Moelter explained that cyber has already been incorporated in both the Key Resolve and Ulchi Freedom Guardian annual exercises, to include training and actual hands-on defending the network against cyber attacks.
As the CPTs are stood up, they will be sent to these types of exercises all around the world and help train units on cyber awareness, said Ferrell.
Cho asked Ferrell what changes he has seen in Korea since he was stationed here in 2nd Infantry Division as a 2nd Lieutenant.
Ferrell said he has seen a lot of progress in Korea as a nation, but he still sees some of the same interoperability challenges between the U.S. and the ROK.
"I see the U.S. modernizing their equipment from one angle and see Korea doing the same," said Ferrell. "As we talk more, this would help move us to a common solution." Shin agreed that the ROK and U.S. must actively engage with each other to work toward improving interoperability. "This is why I meet with Moelter so frequently," he said.

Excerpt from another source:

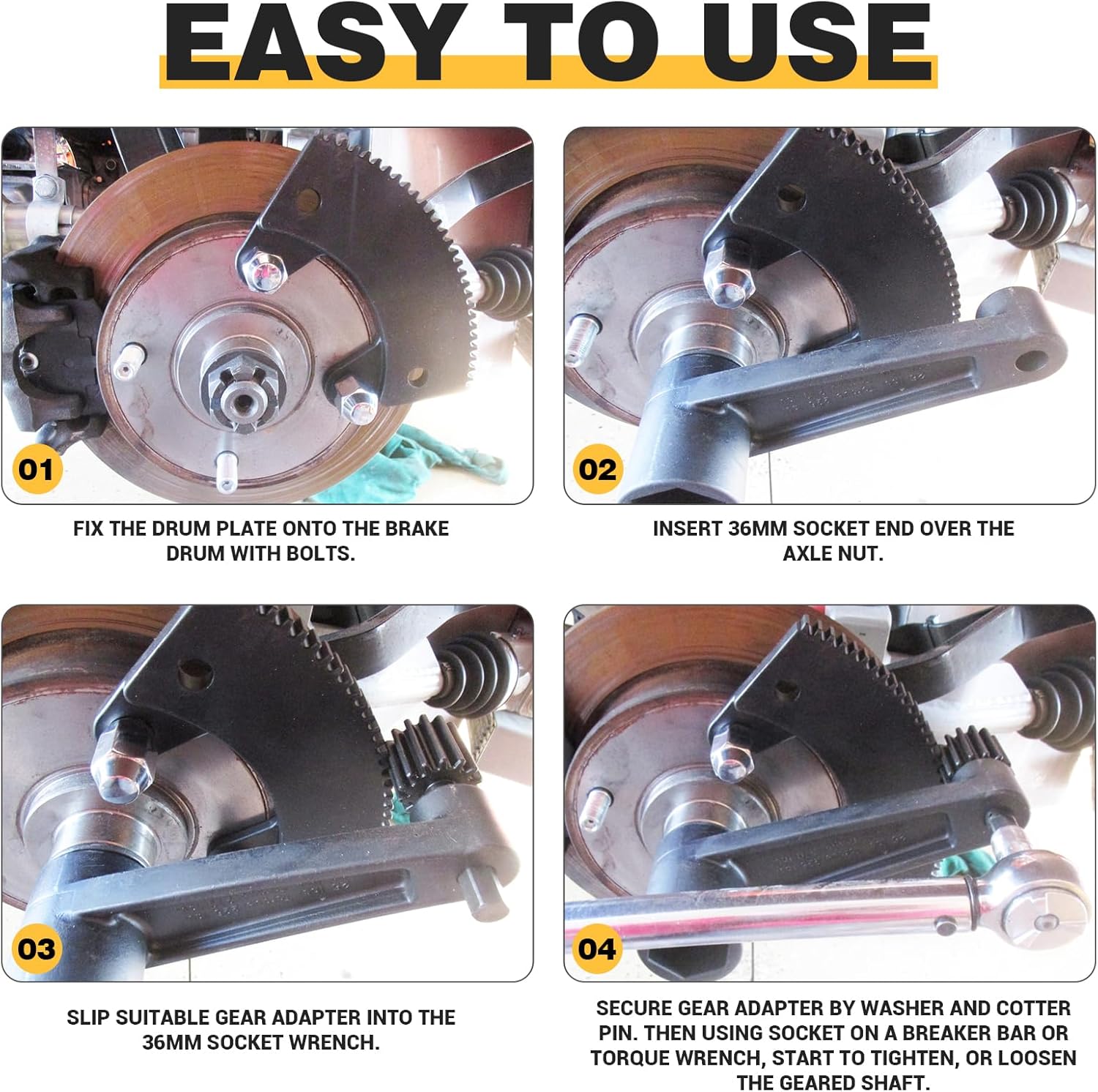 Torque Multiplier Leverage Tool Compatible with VW Bug/Volkswagen Beetle,Torque Leverage Tool for 36mm Axle Nut and Flywheel Gland Nut Removal Installation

"How truly wonderful to be back in Korea," Ferrell told Shin's senior staff.
"I can remember Korea just like yesterday," said Ferrell. "My first assignment as a newly commissioned 2nd lieutenant in a foreign but friendly country away from home. My first impression of working with the ROK Army, I walked away with a very comfortable vision and understanding of a truly professional army with a passion for excellence and love of their country."
"On behalf of my team and myself, I sincerely thank you for hosting us today and for again extending your hand with your teammates. It's all about relationships, partnership and building a great foundation working together to solve interoperability."
When Moelter addressed the group, he discussed two initiatives he wants to achieve before the 2014 Ulchi Freedom Guardian exercise in August.
"The first is to stand-up a ground-focused C4I interoperability committee," said Moelter. "We are asking that it be co-chaired by ROK Army and Eighth Army general officers. This will provide the general officer direction that we have not had directly over the last two years I have been here. This will allow us to come together as a team and really provide a focus for how we can move forward with interoperability."
The other initiative is to test the ability to extend CENTRIX(K) services from the Eighth Army command post and their division command post to the ROK tactical forces. This, Moelter said, would provide an immediate capability to the ROK tactical forces to see the Combined Operational Picture, CENTRIX email, CENTRIX portal, sharedrive and Unmanned Aerial Vehicle feeds. Providing these immediate capabilities, he said, will allow time to continue to work some of the other gaps.
Moelter also invited ROK Army signal units to participate in the Eighth Army Theater Signal Exercise later this spring.
Ferrell concluded the visit by challenging the ROK leadership to find opportunities for information sharing where changing a policy can help the ROK and U.S. work closer together.